(The Center Square) – Three weeks to the deadline, adjustments for North Carolina’s two-year budget are projected to arrive late again.
General Assembly chamber leaders acknowledge the differences are significant, possibly as much as $1 billion. Republicans have three-fifths majorities to the number in both the 50-member Senate and 120-member House of Representatives.
Rep. Tim Moore, R-Cleveland, is leaving his speaker post and the chamber in a bid for Congress where he is favored to win in November. He said this week making a statement with higher pay for teachers and state employees is part of the holdup.
Sen. Phil Berger, president pro tempore of his chamber, says the difference in proposed budgets is in the neighborhood of $1 billion. He’s called some of the spending “pork,” or largesse of lawmakers’ projects.
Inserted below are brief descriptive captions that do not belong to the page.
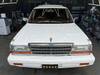 NISSAN GLORIA WAGON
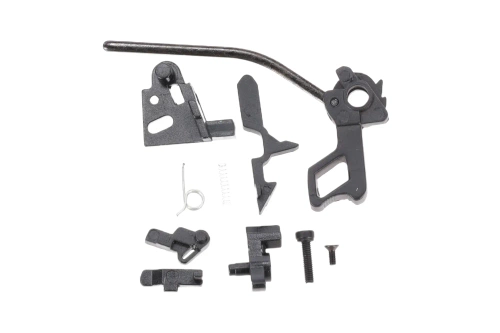 Ensemble de cocktails en aluminium Specna Arms pour répliques Hi-cap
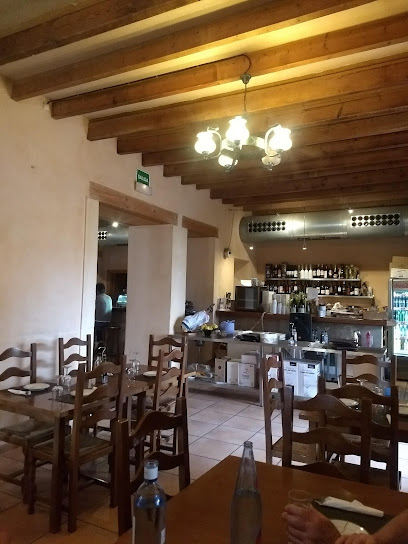restaurant xorri - Carrer Major, 2, 07230 Montuïri, Illes Balears, Spain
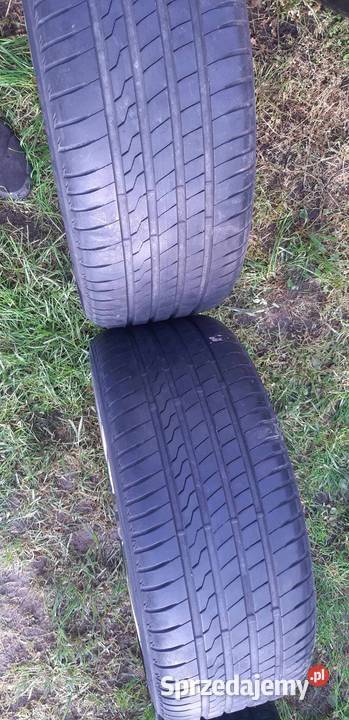 Alufelgi 17 5x112 z oponami 22545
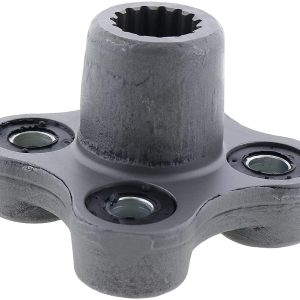 Acople 15 estrías bomba hid Case 580 k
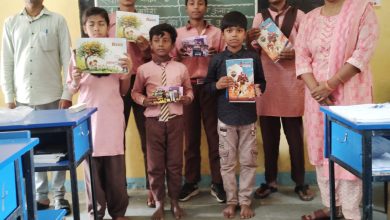 विद्यालय से जनपद स्तर तक होगी मेधावी छात्रों की प्रतिभा की परख विद्यालय से जनपद स्तर तक होगी मेधावी छात्रों की प्रतिभा की परख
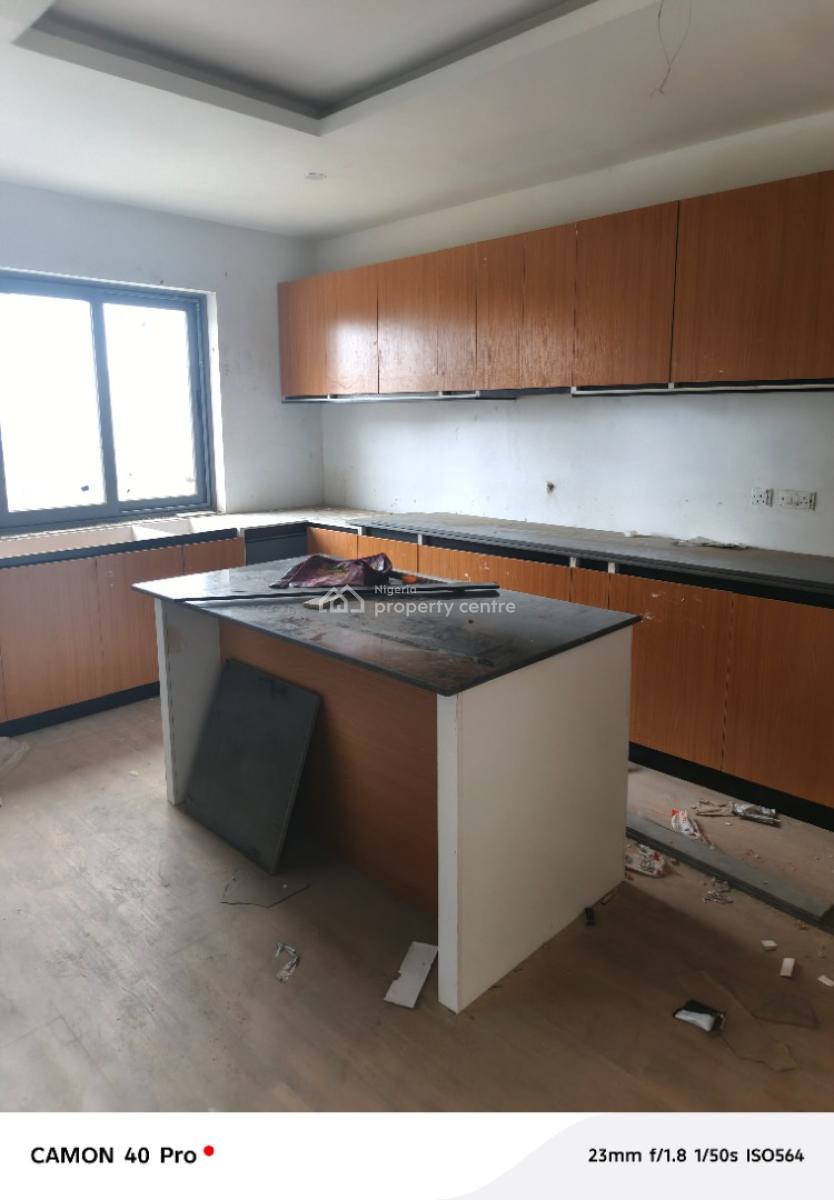 Executive 3 Bedroom Apartment, Ikeja Gra, Ikeja, Lagos, Flat / Apartment for Rent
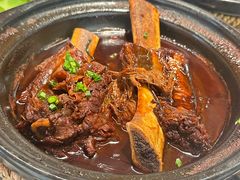 -胡叨叨黄油砂锅焗海鲜(百家湖1912店 )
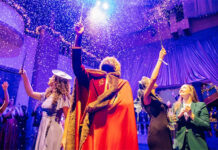 Shopping Cidade de São Paulo recebe “Harry Potter™: Um Grande Baile Tribruxo”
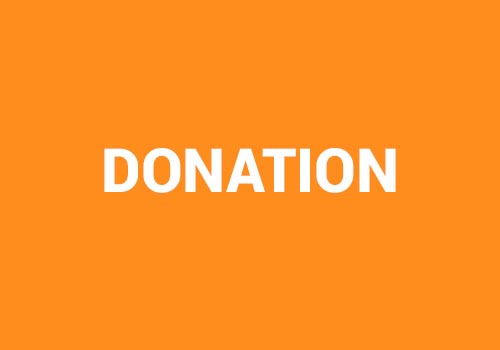Donation Module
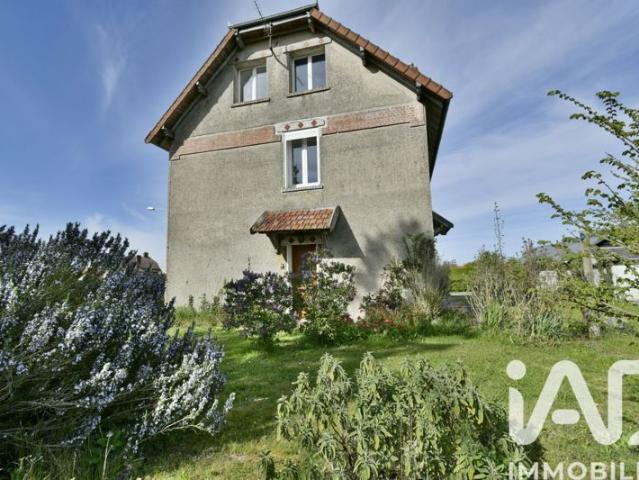 Vente Maison/villa 7 pièces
June 30 is the end of the fiscal year. In 2023, the new budget Sept. 22 marked the approval date by the General Assembly after months of negotiation ending with a $60.7 billion spending plan inclusive of $17.3 billion for education this year and $17.9 billion for next; and a record-setting $7.33 billion appropriation in health care the first year, and $7.76 billion in the second.
The House version could surface in the coming week and reach a floor vote.
Gov. Roy Cooper has deemed public education in a state of emergency, although not by executive order such as when hurricanes hit. He’s long advocated for increased salaries for teachers and pumping money into public schools.